万代と日本総研が脱炭素の取り組み開始! 業界を横断して考案した売場の工夫とは

日本総合研究所(東京都:以下、日本総研)と万代(大阪府)はメーカー各社などと協業し、来店者が脱炭素への学びを深め、取り組むことができる「みんなで減CO2(ゲンコツ)プロジェクト」の店舗実証実験を実施した。ドラッグストア企業も参加し、業界を横断した協力体制を築いて売場を構築し、脱炭素に向けた取り組みを加速させていく。

業界を横断して行われる「みんなで減CO2(ゲンコツ)プロジェクト」とは

日本総研と万代、スギ薬局(愛知県)、Daigasエナジー(大阪府)、アサヒグループジャパン(東京都)、アスエネ(東京都)、サラヤ(大阪府)、三幸製菓(新潟県)、日本ハム(大阪府)、ユーグレナ(東京都)は、脱炭素社会をめざすことを目的に「チャレンジ・カーボンニュートラル・コンソーシアム(Challenge Carbon Neutral Consortium)」を設立。
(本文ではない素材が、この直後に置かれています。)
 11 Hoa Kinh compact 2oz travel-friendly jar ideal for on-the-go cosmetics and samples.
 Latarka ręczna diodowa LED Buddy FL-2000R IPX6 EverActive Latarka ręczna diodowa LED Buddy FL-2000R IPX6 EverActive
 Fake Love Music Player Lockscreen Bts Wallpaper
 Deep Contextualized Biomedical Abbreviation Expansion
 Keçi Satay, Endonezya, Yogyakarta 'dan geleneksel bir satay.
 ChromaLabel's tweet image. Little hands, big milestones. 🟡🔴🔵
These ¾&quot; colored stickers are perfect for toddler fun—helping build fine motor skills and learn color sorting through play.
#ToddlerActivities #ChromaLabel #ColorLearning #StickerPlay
参加企業同士の情報交換・勉強会や「みんなで減CO2(ゲンコツ)プロジェクト」「脱炭素に関する情報発信・啓発活動」の3つの活動を展開している。

この活動の一環として「万代高槻インター店」(大阪府高槻市:以下、高槻インター店)で、1月18~28日に、実証実験「みんなで減CO2(ゲンコツ)プロジェクト」(以下、減CO2プロジェクト)が実施された。

同プロジェクトでは、来店者が脱炭素について学びを深められる仕掛けマシンや特設棚を店内に設置。来店者の脱炭素に繋がる意識や行動の変化を促す。主なターゲットは、高槻インター店に訪れる子連れ客だ。同店店長の山中一高氏は「土日集客型の店舗で、休日を中心に子連れ客が多く訪れる」とし、週末はおよそ80~100人の子連れ客が各コンテンツを楽しんだという。

来店客が脱炭素に興味を持つ売場づくりとは

高槻インター店で行われた減CO2プロジェクトを詳しく見ていこう。まず、店の入口近くには「減CO2モンスターをやっつけろ」と題した大型ゲーム機「仕掛けマシン」を設置。
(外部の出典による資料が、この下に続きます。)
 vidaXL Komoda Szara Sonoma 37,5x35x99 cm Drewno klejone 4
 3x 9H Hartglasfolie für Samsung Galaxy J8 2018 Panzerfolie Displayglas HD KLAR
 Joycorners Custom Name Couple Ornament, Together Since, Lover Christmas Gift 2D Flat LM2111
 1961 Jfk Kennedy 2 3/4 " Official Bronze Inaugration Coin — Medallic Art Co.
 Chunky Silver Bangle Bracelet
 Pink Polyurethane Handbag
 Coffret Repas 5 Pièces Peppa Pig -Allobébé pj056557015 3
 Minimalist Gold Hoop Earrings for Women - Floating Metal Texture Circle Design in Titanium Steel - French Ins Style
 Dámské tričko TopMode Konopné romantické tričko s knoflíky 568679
「仕掛けマシン」は、仕掛けを通じた行動変容を研究する大阪大学の松村教授の協力で制作した

「減CO2(ゲンコツ)」と声に出して参加券を手に入れ、機械にパンチすると「減CO2モンスター」を倒す、という仕組みだ。「減CO2モンスター」は、脱炭素に悪影響な日常的な習慣などをモチーフにしており、自然と脱炭素について学びを深められる。

参加者にはオリジナルキャラクターとともに店内に設置されたクイズを見ながら謎解きをする「減CO2ナゾトキ大作戦」への参加を促す。LINEに答えを打ち込み、全問正解すると抽選でプレゼントが当たる。

イメージキャラクターは、地球温暖化が進んだためコタツに入れなくなって困っているという設定の「ニャートラル」(左)と「ギャートラル」(右)

店内には特設棚を設置する。ナゾトキのクイズのほか、のぞき穴を見ながらレバーを回すと脱炭素に関する物語が展開される「のぞきからくり絵本」などがある。さらに、特設棚の上には脱炭素に配慮した商品を並べる。こうした商品の詳細は、「みんなで減CO2プロジェクト」アプリをダウンロードして、商品横のQRコードを読み取れば「『アサヒ十六茶シンプルecoラベル』は、商品全体に巻かれているラベルをなくすことで、プラスチックの使用量を最低限に抑えている」といったふうにその詳細を見ることができる。

売場では親子連れがこうしたコンテンツを楽しみながら脱炭素について学ぶ光景が多く見られているという。「CO2削減は目に見えづらいものだからこそお子さんでもわかりやすいように、ゲーム感覚で脱炭素に取り組んでいただけるよう工夫を凝らした」(日本総合研究所リサーチ・コンサルティング部門グリーン・マーケティング・ラボ ラボ長佐々木努氏)。子供が興味を持ったことをきっかけに、その両親の行動や意識の変容も促していくことをねらう。また、脱炭素に関わる商品の購買数も伸長させていきたい考えだ。

実証実験後はPOSデータから脱炭素に配慮した商品の売上の伸びを分析するほか、アプリからのアンケート結果を通じて、その効果を計っていく。

サステナビリティ推進のイメージ醸成もねらう

「減CO2プロジェクト」の始動にあたっては、23年9月から、日本総研と万代のほか、アサヒグループジャパンや、三幸製菓、日本ハムなどの担当者が隔週で会議を行った。会議では、勉強会や各社からのアイデア出しなどを入念に行ったうえで、今回の売場づくりに繋げた。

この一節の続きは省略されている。